Yes, Take Profit/Stop Loss orders are based on your current position. You cannot place Take Profit/Stop Loss orders when you have no open positions. You can set the order quantity according to the realizable quantity of the position.
In other words, if your position is 500 contracts, the maximum number of contracts that can be set for a Take Profit/Stop Loss order is 500 contracts. However, if you have placed a limit order to close the position of 100 contracts before setting the take profit, and the stop loss is set, the quantity that can be closed at this time becomes 400. After the limit order is executed and all of them are executed, the maximum stop-loss quantity of the position will be automatically reduced to 400.

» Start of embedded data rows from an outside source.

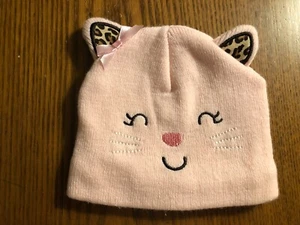Carter's Baby Girls Pink Cat Knit Hat Size 0-3 Mo. - Picture 1 of 3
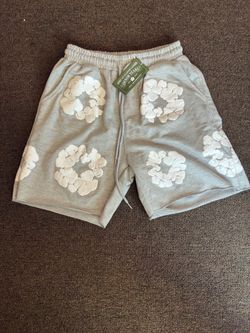 Grey demin tear shorts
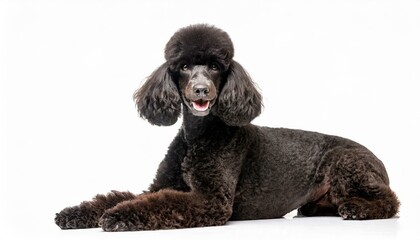 Standard Poodle dog - Canis lupus familiaris - dark charcoal grey black color tongue out while panting isolated on white background close up laying down looking at camera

You cannot place Take Profit/Stop Loss orders when you have no open positions.
How to cancel the Take profit and stop loss order?
In your current plan list, TP/SL orders will be displayed in the list with separate tabs (Take Profit, Stop Loss), and you can manually cancel them on the Tradingview chart integrated in the CoinCatch trading interface (as shown below). When a position is manually closed via a Take Profit or Stop Loss, the uncompleted Take Profit/Stop Loss order will be automatically canceled.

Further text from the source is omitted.